In Write It Down, Make It Happen, Henriette Anne Klauser says stimulating the RAS “sends a signal to the cerebral cortex:
"‘Wake up! Pay attention! Don’t miss this detail!’ Once you write down a goal, your brain will be working overtime to see you get it.”
The only downfall to this method is that you'll need to be extra diligent in your transaction recording. Save your receipts and log them at the end of every day to be sure you don't miss a thing.
Calculate with Spreadsheets
If you prefer a just-the-facts approach to budgeting, consider a spreadsheet. Excel and Google sheets aren't colorful or automated, but they are simple, straightforward, time-tested classics.
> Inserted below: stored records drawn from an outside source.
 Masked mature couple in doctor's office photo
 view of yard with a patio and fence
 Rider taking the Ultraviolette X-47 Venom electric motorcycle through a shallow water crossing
For some, spreadsheets can be overwhelming, but once you get started they can be extremely easy to use.
Check out YouTube for tutorials or study up on websites like GeekGirls to help you get started. Once you learn how to enter in formulas, you can make a spreadsheet that automatically changes all the calculations once you enter new numbers in. A nice middle-ground between the benefits of manual tracking and apps.
Make A Buckets List
If you’re comfortable with some automation but prefer to hit “SEND” on those bill payments yourself, consider funneling money into buckets for individual bills or goals.
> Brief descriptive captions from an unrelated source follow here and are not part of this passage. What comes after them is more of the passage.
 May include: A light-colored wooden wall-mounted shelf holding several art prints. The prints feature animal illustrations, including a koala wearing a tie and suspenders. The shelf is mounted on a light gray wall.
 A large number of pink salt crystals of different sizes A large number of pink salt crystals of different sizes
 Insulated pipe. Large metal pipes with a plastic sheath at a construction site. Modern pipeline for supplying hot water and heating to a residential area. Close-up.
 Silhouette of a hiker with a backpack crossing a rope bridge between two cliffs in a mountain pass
Some call this The Envelope System, in which you would put a certain amount of money from each paycheck into a categorized envelope. For example, you could have an envelope for rent, an envelope for food, an envelope for a vacation, and so on.
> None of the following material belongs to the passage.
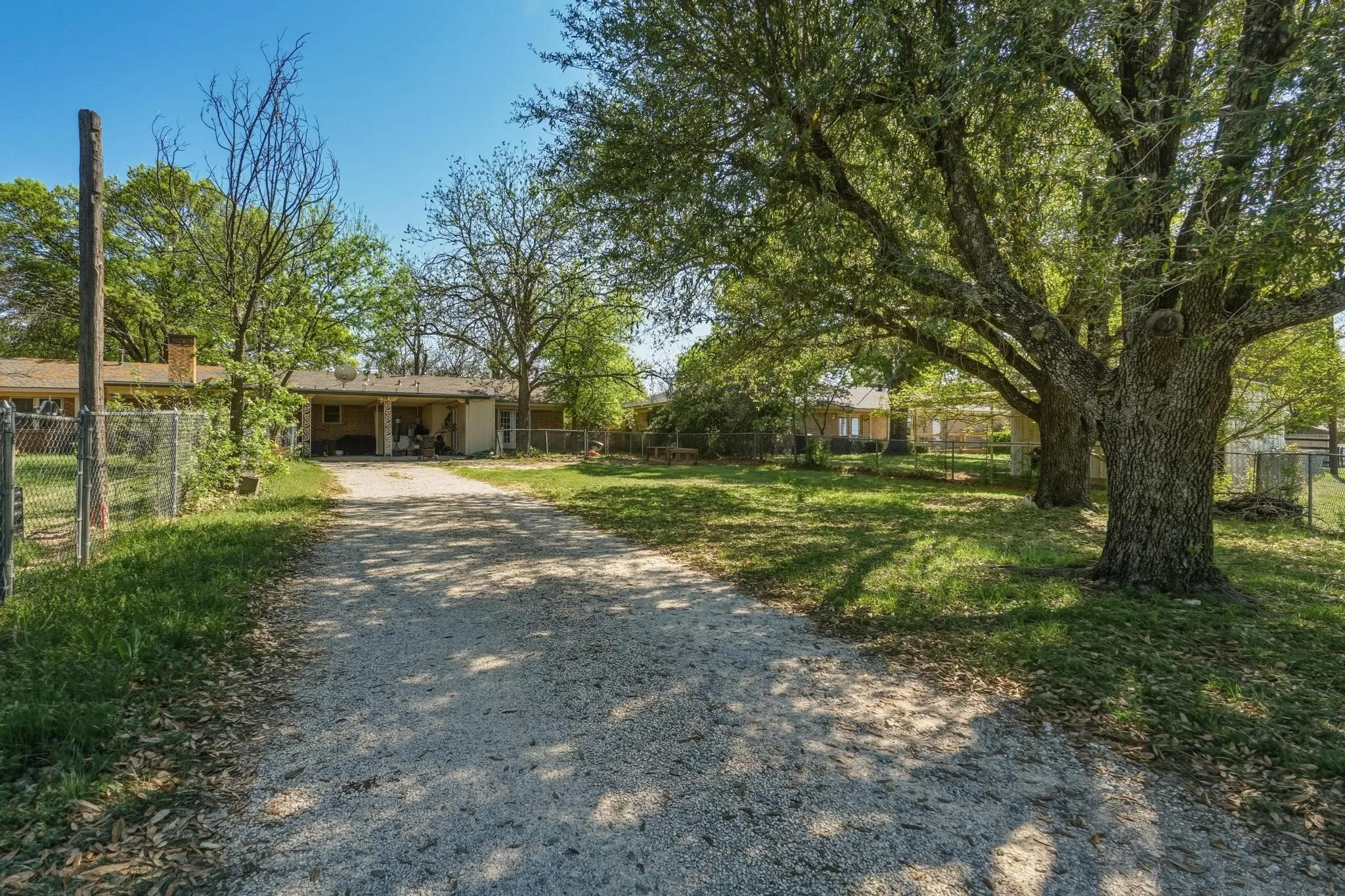 Driveway leading to carport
Sandy Smith of Yes, I Am Cheap is a huge proponent of the envelope system and attributes it to helping her pay off debt. If you love this idea but prefer not to have cash laying around, you could try digital envelopes:
CapitalOne360 allows users to open “subaccounts” of their savings accounts so they can fund specific goals.
Ally lets customers open multiple savings accounts for the same purpose. After calculating your budget and deciding how much you can save from each pay period, set up
Keep Trying Until You Find Something that Works
Here's the thing about putting different budgeting methods on for size: sometimes they'll seem like they fit when in reality they don't. If you try one for a month and find no success, try another for the next month.
Keep tweaking until you find the right method for you and you'll be sure to land on a method that matches your lifestyle.
When it comes to budgeting, it's a marathon, not a sprint. Just keep trying and you'll eventually find something you can stick to for a long time to come.